= Data below =
Content starts

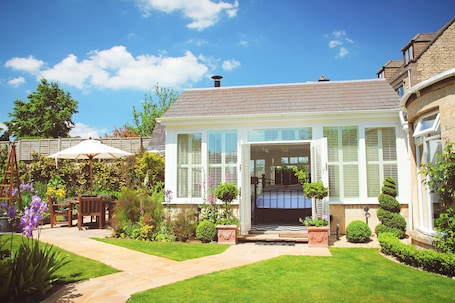 Superior Double Room, Ensuite, Garden View (The Garden Room) | Garden. Croft House Guest Suite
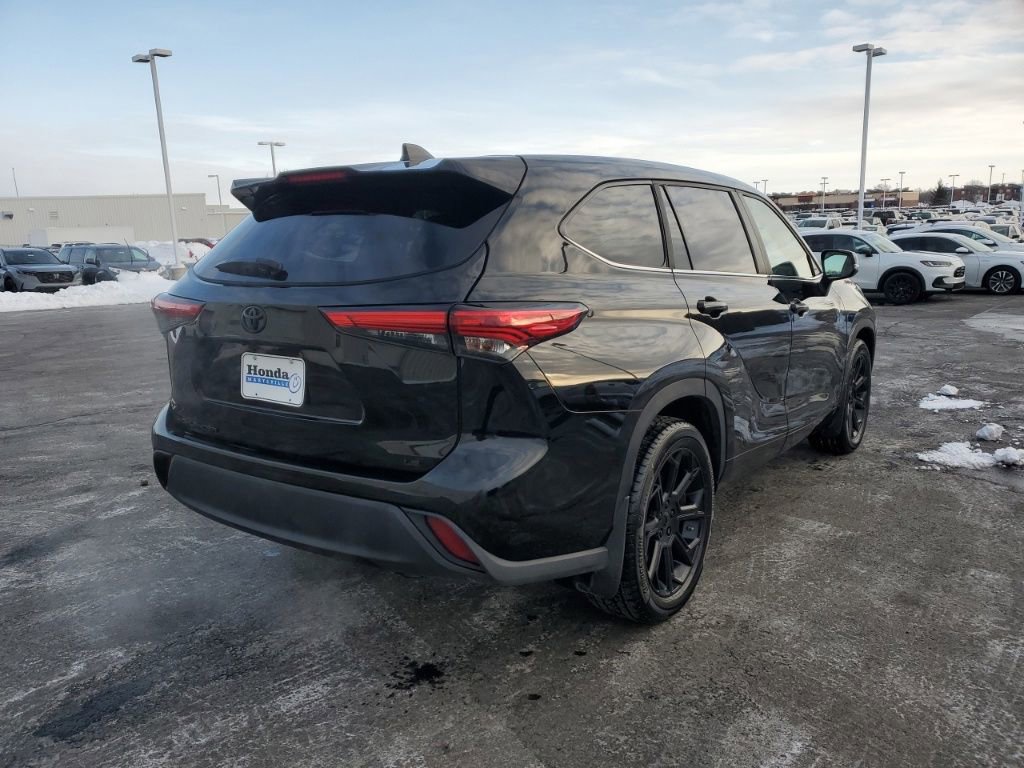 Used 2023 Toyota Highlander LE image 7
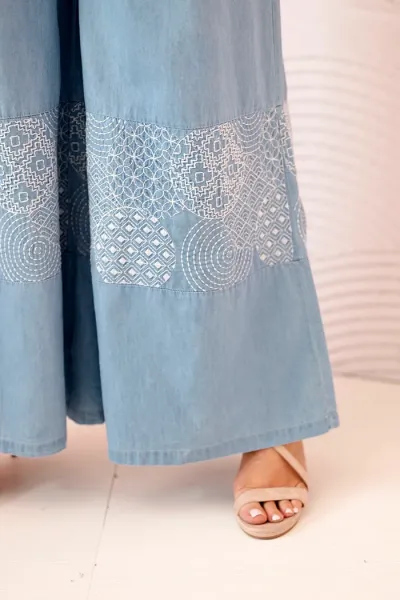 Legínovo Dámske nohavice Plus Size so širokou nohavicou a etnickou výšivkou svetlo džínsové Farba: Svetlo modrá, Veľkosť: UNI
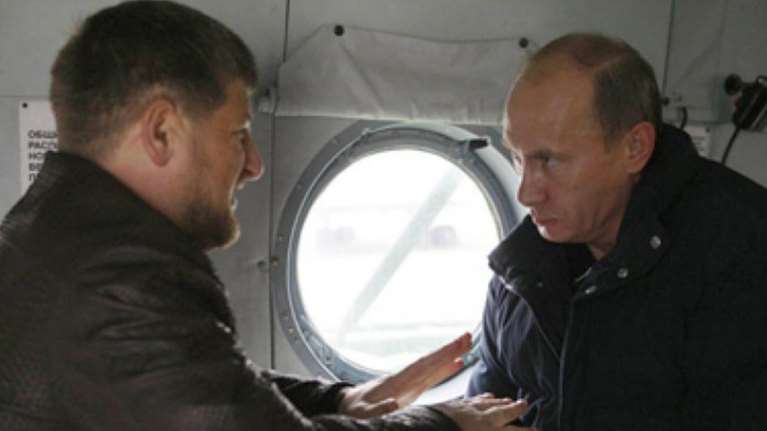 «Kόλπο γκρόσο» Πούτιν: Ποιους κατασκόπους στέλνει στο ISΙS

Content ends

= What the task asks =
Your copy should hold exactly the lines from the line bearing "Used 2023 Toyota Highlander LE image 7" through the end of the data, both included, and no pictures or anything further.

= Written solution =
 Used 2023 Toyota Highlander LE image 7
 Legínovo Dámske nohavice Plus Size so širokou nohavicou a etnickou výšivkou svetlo džínsové Farba: Svetlo modrá, Veľkosť: UNI
 «Kόλπο γκρόσο» Πούτιν: Ποιους κατασκόπους στέλνει στο ISΙS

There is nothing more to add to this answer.